Technical Debt: we all have it. Yet, this phenomenon remains poorly understood by product managers. Unlike financial debt, the costs are often hidden and difficult to measure. But the most dangerous aspect is that "Technical Debt items are contagious, causing other parts of the system to be contaminated with the same problem, which may lead to nonlinear growth of interest." [1]

Here's a case study of one such event; unmanaged tech debt caused interest costs to spiral catastrophically out of control.

To set the scene, we have an online shopping system with the following requirements:

  • A catalog of 30,000 total products
  • 500 peak concurrent users
  • An index page that displays the top 24 products in a chosen category (for example, a list of Blu-ray titles).

How much would you expect to pay for the SQL cluster running this catalog? Would you believe $360,000 per year in raw IaaS expenses? How could this happen?

Ten years ago, the system's creators built the catalog on a custom data access layer. At the time, it worked pretty well, but the architecture had a fatal flaw.

As years passed, the system grew. New discount coupons, special promotions, pricing tiers, inventory management, wishlists, and fulfillment features piled on. What was once a nimble system grew to 4 million lines of source code. The fatal flaw spread, making the code nearly unmaintainable. This in turn created a feedback loop: The code was so hard to understand it could no longer be refined during regular iteration cycles, and obsolete or unused features could not be removed. The system got bigger still.

Along the way, system crashes were common. Downtime averaged about 1 day per month. Each time, the only option for bringing it back online quickly was to add more hardware. Bit by bit, the SQL cluster grew into a $360,000 monstrosity.
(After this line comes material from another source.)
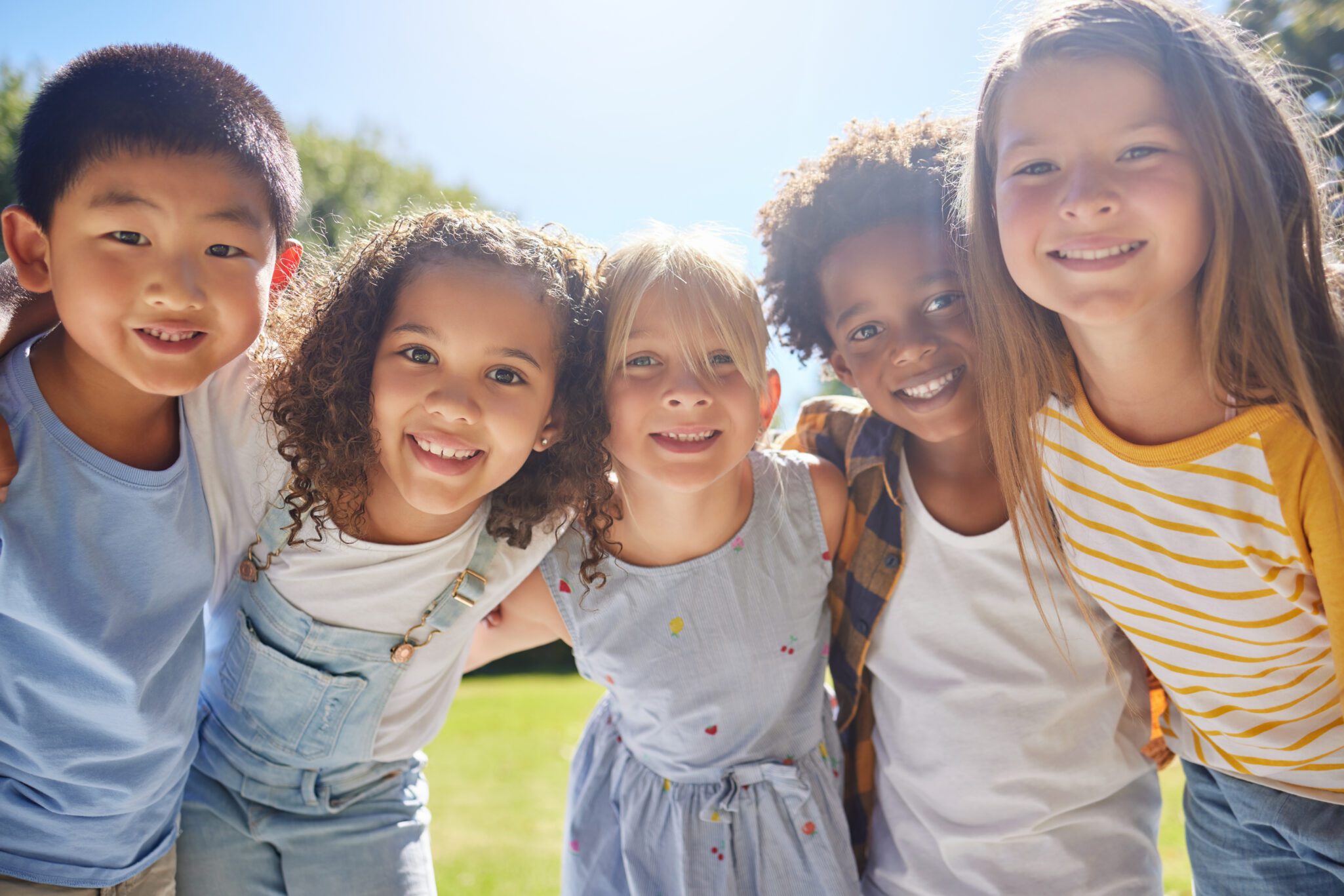 Happy, smile and portrait of kids in a park playing together outdoor in nature with friendship. Happiness, diversity and children friends standing, embracing and bonding in a outside green garden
The total cost of this tech debt will never be calculated, but it probably runs in the millions: lost revenue, customer service calls, lost employee productivity, and tarnished brand equity. If minor investments had been made in correcting this flaw early, the massive losses were entirely preventable.

If you're a product manager, you urgently need to track your tech debt. Maintain a backlog, and dedicate a portion of your iteration budget to paying down the debt. Make a realistic economic estimate of the costs of delaying this debt paydown. Understand how dangerous this problem can become when it becomes contagious. Don't be my next case study!


[1] Martini, Antonio & Bosch, Jan. (2015). The Danger of Architectural Technical Debt: Contagious Debt and Vicious Circles. Proceedings - 12th Working IEEE/IFIP Conference on Software Architecture, WICSA 2015. . 10.1109/WICSA.2015.31.